▸ **Supplied data**
..........
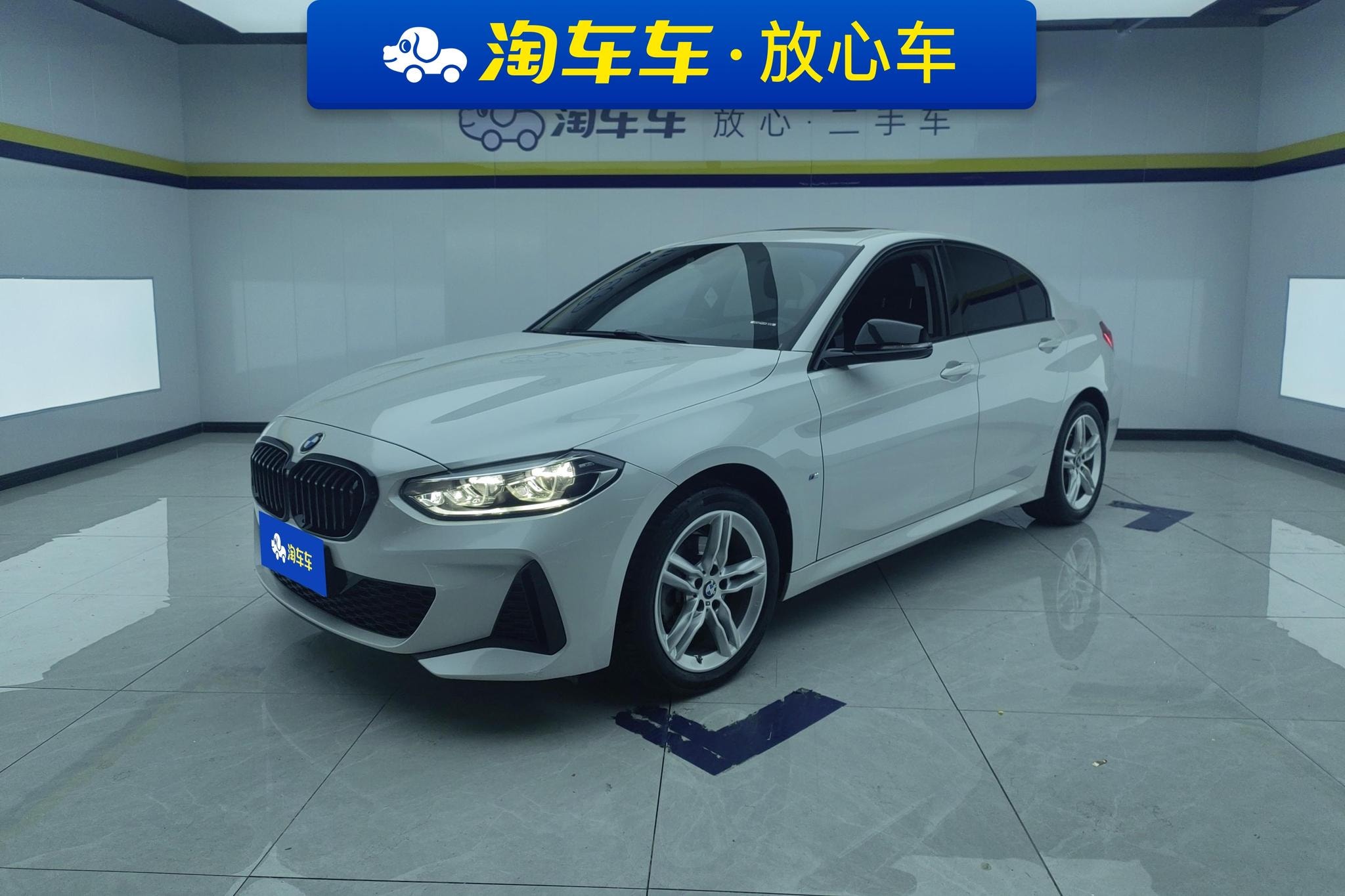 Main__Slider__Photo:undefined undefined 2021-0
..........
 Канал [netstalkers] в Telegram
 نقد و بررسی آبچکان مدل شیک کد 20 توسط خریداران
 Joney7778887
..........
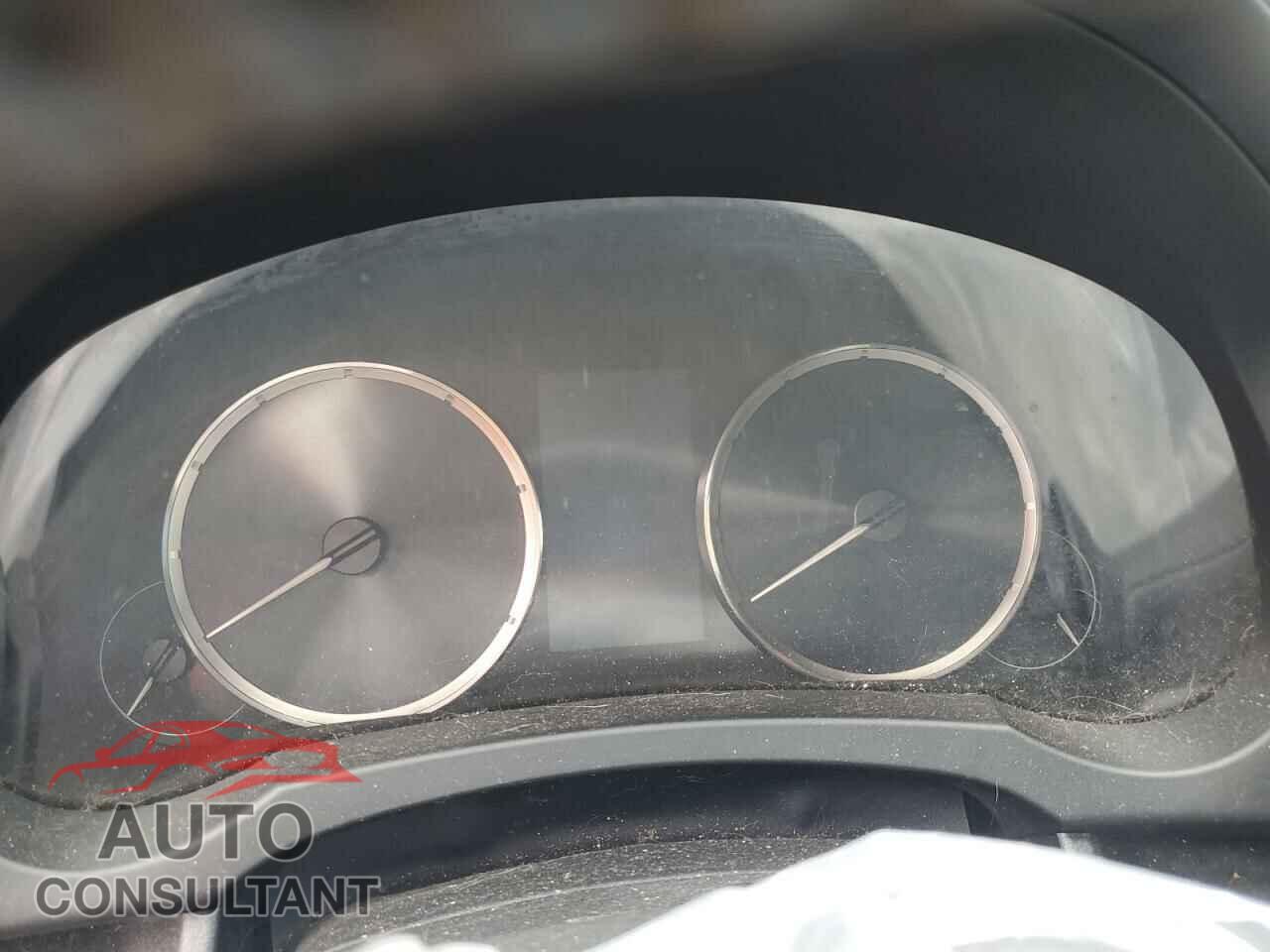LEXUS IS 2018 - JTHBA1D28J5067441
..........
▸ **What you have to do**
Please give back exactly the lines of the listing above that run from the one containing "Канал [netstalkers] в Telegram" through the one containing "Joney7778887", and only those.

▸ **Exercise response**
 Канал [netstalkers] в Telegram
 نقد و بررسی آبچکان مدل شیک کد 20 توسط خریداران
 Joney7778887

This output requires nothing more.